Our docking results, QSAR studies, and MD simulations are in coherence with the previously published literatures. Our study shows that the binding energy for the ligand withaferin-A and its 2 best derivatives mol 61 and 64 are considerably high (refer to Table 5) and their respective inhibitory constant (ki) values are low (refer to Table S- 2A, supplementary material). Upon QSAR study, the predicted activity (IC50) comes the lowest for withaferin derivative mol 61 and 64. Hence, we conclude that the predicted molecules are having high affinity towards the target and the ligands will show activity even at lower concentration. Results on data mining–based predictions of some hit fragments from natural compounds are reported by Ghosh et al. (2020) [43], but our study is the first to report the effectiveness of small molecule fragment derivative of withaferin-A against SARS-CoV2 Mpro by integrating DNN and machine learning–based tool in screening out derivatives against SARS-CoV2 which still retain lead-like properties.
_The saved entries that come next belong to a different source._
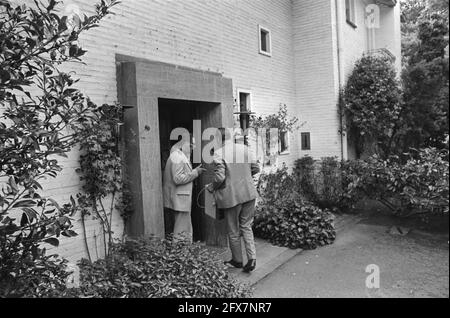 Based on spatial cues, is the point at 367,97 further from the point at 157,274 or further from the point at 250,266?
the point at 157,274

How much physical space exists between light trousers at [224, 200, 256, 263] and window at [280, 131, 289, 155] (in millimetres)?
4138

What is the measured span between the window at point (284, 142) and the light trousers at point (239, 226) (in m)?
4.14

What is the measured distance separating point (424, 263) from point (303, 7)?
9.14 meters

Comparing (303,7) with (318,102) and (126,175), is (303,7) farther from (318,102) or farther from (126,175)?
(126,175)

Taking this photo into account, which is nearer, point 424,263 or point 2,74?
point 424,263

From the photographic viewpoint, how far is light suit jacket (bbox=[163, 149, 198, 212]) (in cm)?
557

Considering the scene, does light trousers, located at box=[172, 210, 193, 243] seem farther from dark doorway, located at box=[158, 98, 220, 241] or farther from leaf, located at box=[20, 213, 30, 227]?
leaf, located at box=[20, 213, 30, 227]

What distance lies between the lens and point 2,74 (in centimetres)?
282

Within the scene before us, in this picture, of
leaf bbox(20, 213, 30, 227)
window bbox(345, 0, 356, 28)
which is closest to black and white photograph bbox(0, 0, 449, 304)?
leaf bbox(20, 213, 30, 227)

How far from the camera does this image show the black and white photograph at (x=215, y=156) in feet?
9.93

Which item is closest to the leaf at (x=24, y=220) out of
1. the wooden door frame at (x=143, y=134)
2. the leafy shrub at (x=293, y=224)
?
the wooden door frame at (x=143, y=134) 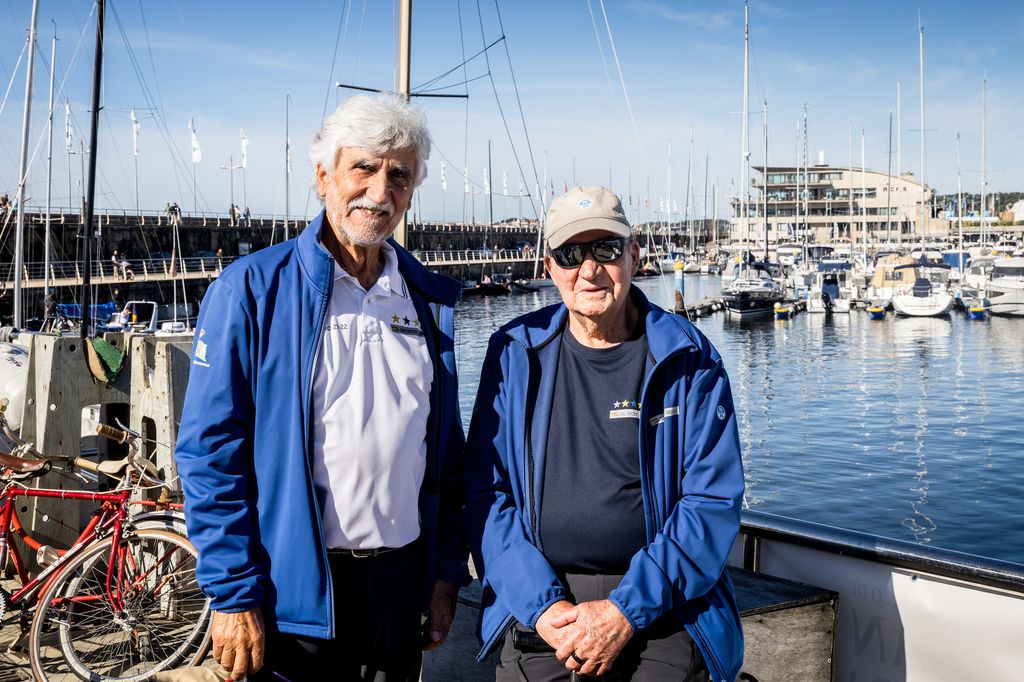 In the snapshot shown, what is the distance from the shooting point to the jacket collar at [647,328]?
2430 millimetres

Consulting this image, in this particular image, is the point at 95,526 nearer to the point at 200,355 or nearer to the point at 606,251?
the point at 200,355

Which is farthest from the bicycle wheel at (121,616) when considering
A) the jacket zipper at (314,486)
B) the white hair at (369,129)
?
the white hair at (369,129)

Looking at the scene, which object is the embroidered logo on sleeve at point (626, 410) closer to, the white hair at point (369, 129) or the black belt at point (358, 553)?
the black belt at point (358, 553)

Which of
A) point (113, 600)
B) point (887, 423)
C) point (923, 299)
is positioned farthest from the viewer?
point (923, 299)

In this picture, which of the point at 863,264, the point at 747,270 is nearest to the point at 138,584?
the point at 747,270

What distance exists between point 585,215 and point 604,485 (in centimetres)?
74

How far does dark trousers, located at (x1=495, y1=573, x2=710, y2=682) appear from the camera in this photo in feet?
7.59

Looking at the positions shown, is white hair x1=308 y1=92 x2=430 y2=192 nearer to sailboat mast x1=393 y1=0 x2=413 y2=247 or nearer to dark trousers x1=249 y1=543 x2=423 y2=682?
dark trousers x1=249 y1=543 x2=423 y2=682

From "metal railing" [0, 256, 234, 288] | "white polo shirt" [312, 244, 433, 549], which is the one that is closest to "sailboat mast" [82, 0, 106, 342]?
"white polo shirt" [312, 244, 433, 549]

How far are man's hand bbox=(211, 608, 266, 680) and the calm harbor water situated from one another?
368 inches

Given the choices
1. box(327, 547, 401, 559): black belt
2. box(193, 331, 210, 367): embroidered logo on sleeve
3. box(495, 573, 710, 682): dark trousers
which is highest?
box(193, 331, 210, 367): embroidered logo on sleeve

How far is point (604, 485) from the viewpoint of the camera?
2404 millimetres

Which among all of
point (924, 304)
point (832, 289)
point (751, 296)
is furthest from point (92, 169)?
point (832, 289)

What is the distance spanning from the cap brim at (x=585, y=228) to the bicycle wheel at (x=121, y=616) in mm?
1867
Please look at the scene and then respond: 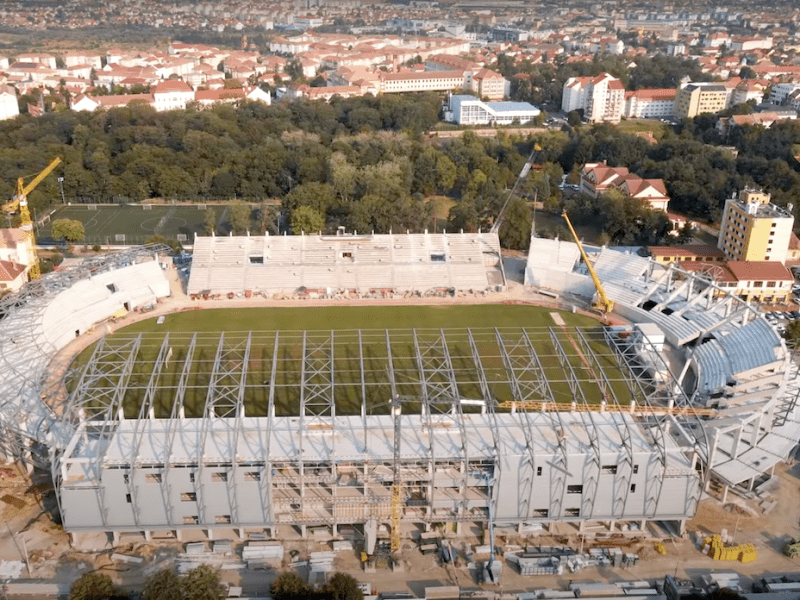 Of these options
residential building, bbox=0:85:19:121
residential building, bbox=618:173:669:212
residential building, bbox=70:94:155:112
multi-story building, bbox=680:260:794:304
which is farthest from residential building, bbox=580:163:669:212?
residential building, bbox=0:85:19:121

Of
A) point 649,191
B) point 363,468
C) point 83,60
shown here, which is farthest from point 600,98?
point 83,60

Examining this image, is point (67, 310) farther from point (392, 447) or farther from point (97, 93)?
point (97, 93)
The predictions in this report may open new possibilities for the use of small molecule inhibitor drugs to successfully combat COVID-19.

Conclusion

The COVID-19 outbreak originated by the highly pathogenic SARS-CoV-2 coronavirus has posed a major threat to public health and needs urgent intervention. With the current global crisis, all successful diagnostics and novel treatments need to be produced at a reasonable price with limited to no side effects. Over the last 30 years, structural bioinformatics and cheminformatics have emerged as an effective drug discovery technique. In this regard, 3D target protein frameworks have played important roles in designing as well as the development of novel or alternative drugs. Medicinal plants are considered a significant source for the treatment of various diseases. In the current study, the antiviral potential of some phytoconstituents and their small molecule derivatives was studied. The results of molecular docking, QSAR analysis, and MD simulations suggested that withaferin-A and associated fragment derivatives may act as an inhibitor for the Mpro protease of SARS-CoV-2. Withaferin-A, a bioactive withanolide from Ashwagandha, was shown to possess inhibitory activity for HPV and a wide range of influenza viruses. Based on previous reports as well as the results presented here, we propose withaferin-A derivatives as efficient lead compounds of potential drugs for combatting COVID-19. The six hit compounds generated by the pharmacophore model of withaferin-A derivative molecule 61 from the ZINC database might be used to screen for anti-CoV activities. Further, experimental work for all of the compounds predicted in this study needs to be carried out in order to verify specific drug likeliness in greater depth. The in silico strategy of integrating DNN and machine learning–based tool adopted here might be utilized to explore the potential applications of several other medicinal phytocompounds and also the available drugs against COVID-19. Finally, a line of caution: prior to using any outcome of an in silico study, a rigorous in vivo and in vitro research is obligatory.